I recently completed a trip to St. Louis to accompany my grandparents as they departed for a cruise on the Mississippi River. The vacation itself was great. My parents, grandparents, and I spent Thursday night, Friday, and Saturday morning enjoying local St. Louis cuisine and even got to visit the Gateway Arch and its accompanying museum. But on Thursday afternoon, before my grandparents arrived in the Show Me State, I took in a Cardinals game at Busch Stadium with my parents.


The game was incredibly fun. Adam Wainwright and Yadier Molina tied the record for the most career starts by a pitcher-catcher battery in baseball history (which would explain why the stadium was packed on a Thursday at noon) and Yadi even hit two home runs, doubling his season total. Paul Goldschmidt and Nolan Arenado had okay-ish games (Arenado made two errant throws that truly threw me for a loop), Waino pitched like a 41-year-old All-Star would (in other words, not great, but not terribly), and the Cards lost 11-6 to the Nationals. Was I upset to see St. Louis lose? Not really. Even though I love the Cardinals by proxy because my two favorite players happen to have been traded there (Nolan is my favorite, Goldy is in second), they’re set for the playoffs and for years to come, so watching them lose live didn’t really grind me gears. But was I pleasantly surprised at just how cool Busch Stadium is? Absolutely.


The reason I was so shocked at my new love for Busch Stadium is that the ballpark isn't frequently mentioned when ranking Major League Baseball's top stadiums. Wrigley and Fenway are usually up there, while Camden Yards and PNC Park hold permanent residency in the top two spots of the list in any order. I’ve heard awesome things about T-Mobile Park in Seattle (which I want to go to next, preferably for the 2023 All-Star Game) and can say from personal experience that Oracle Park in the Bay Area is fantastic, but St. Louis’s Busch Stadium doesn’t seem to get the love it deserves. I think a lot of that has to do with the presence of St. Louis media in baseball, or rather the lack thereof; being a small-market team, even though the team itself operates on a big budget, has its drawbacks in terms of public relations in the most literal sense. But the biggest reason for why Busch Stadium doesn’t get as much love as it deserves is simply because the fanbase is so unique in the best way possible.
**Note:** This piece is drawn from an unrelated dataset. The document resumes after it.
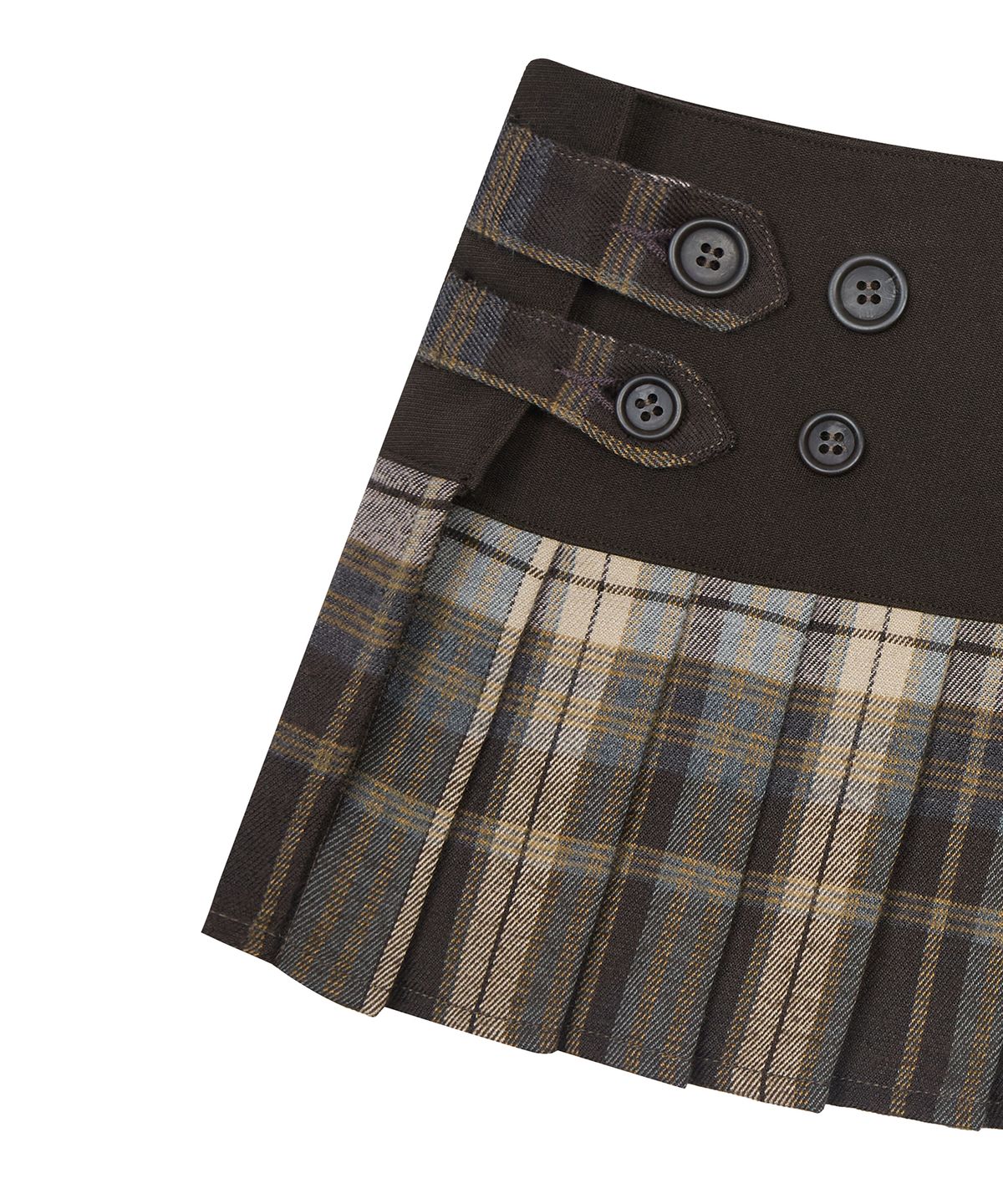 라티젠(LARTIGENT) L19 CHECK PLEATS WRAP SET(BROWN)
As I said before, the stadium was packed on Thursday to see Waino and Yadi do their thing. On top of that, Albert Pujols was in the lineup, which most certainly added to the density. But I’ve been to packed games before because most games at Yankee Stadium are crowded, but I’ve never, and I mean never, heard a fanbase applaud their favorite players as much as the Cardinals faithful clapped it up for all three St. Louis legends. Adam Wainwright walked onto the mound from the bullpen before the top of the first to a roar so vibrant and palpitating that I didn't know what was really happening; Albert Pujols was getting boisterous cheers even after grounding out, let alone coming to bat; and the game had to pause for at least 30 seconds each time Yadier Molina rounded the bases after his home runs because the fans demanded curtain calls. As a Yankees fan, I’ve seen my fair share of greats in person, but they never received responses like the ones received in St. Louis. Derek Jeter and Aaron Judge wish they could get that sort of love in the Bronx.
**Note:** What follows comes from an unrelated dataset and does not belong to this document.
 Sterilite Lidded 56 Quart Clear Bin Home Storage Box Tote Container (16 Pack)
It goes without saying that I’ve loved Waino, Albert, and Yadi for as long as Cardinals fans and the rest of baseball. I know what they mean to the city of St. Louis, but now I know how that meaning sounds and looks. St. Louis is a city of dedicated people that love where they’re from and will do anything for the Gateway to the West. That love is directly reciprocated by the St. Louis Cardinals organization in plenty of forms. Never have I heard of a fanbase loving its owners (whether that owner be the Busch family or the DeWitt family) as much as the Cardinals’ fanbase does, as described by my tour guide during my Saturday afternoon tour of the stadium. Even the team name comes from the fans, who nicknamed the team the Cardinals because of the color of their uniforms when they were called the Perfectos (which I think is such a better name, but I digress).


It just seemed like the team in the front office, the team in the stands, and the team on the field were all one cohesive unit when taking in the Busch Stadium atmosphere. On top of that, the architecture and city backdrop of the stadium are awesome, while the concourse and surrounding ballpark district remind me a lot of Baltimore. We’ve heard of managerial problems in St. Louis before, but I don’t think it’s a stretch to say that the Cardinals are the most drama-free team in baseball. Remember when I said that good franchises win baseball games? That’s because good franchises care about their teams and that care comes right back in the form of victories. The Cardinals happen to care about their city, too, and it’s been paying dividends for them for over 100 years. Just look at the list of World Series championships won by each team in the National League, and then ask what a good franchise that wins baseball games looks like. It looks like it bleeds cardinal red.